La teoría populista (Laclau, 2013), tal como detallo en otra parte (Antón, 2015b), además del límite de reducir su contenido a la lógica de la acción política, tiene otras deficiencias. En particular, relacionado con su contenido ideológico o programático, la creencia de que una lógica o técnica de acción política sea suficiente para orientar la dinámica popular hacia la igualdad y la emancipación. O que con un discurso apropiado, al margen de la situación de la gente, se puede construir el movimiento popular. Infravalora la conveniencia de dar un paso más: la elaboración propiamente teórica, normativa y estratégica, vinculada con las mejores experiencias populares y cívicas, para darle significado e impulsar una acción sociopolítica emancipadora e igualitaria. El paso de las demandas democráticas y populares insatisfechas hasta la conformación de un proyecto transformador y una dinámica emancipadora debe contar con los mejores ideales y valores de la modernidad (igualdad, libertad, laicidad…). Estos, en gran medida, se mantienen en las clases populares europeas a través de la cultura de justicia social, derechos humanos, democracia…, cuyo refuerzo es imprescindible.

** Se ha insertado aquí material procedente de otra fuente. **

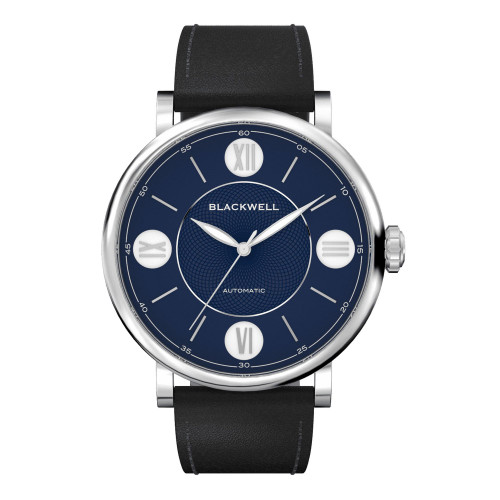Dark Blue Dial with Silver Tone Steel and Black Leather Watch 44 mm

En resumen, el discurso sobre unos mecanismos políticos (polarización, hegemonía, demandas populares), para evitar ambigüedades que permitan orientaciones, prácticas o significados distintos y contradictorios, debe ir acompañado con ideas críticas, asumidas masivamente, que definan un proyecto transformador democrático, igualitario y solidario. Queda abierta, por tanto, la necesidad de un esfuerzo específico en el campo cultural e ideológico para avanzar en una teoría social crítica y emancipadora que sirva para un cambio social y político de progreso.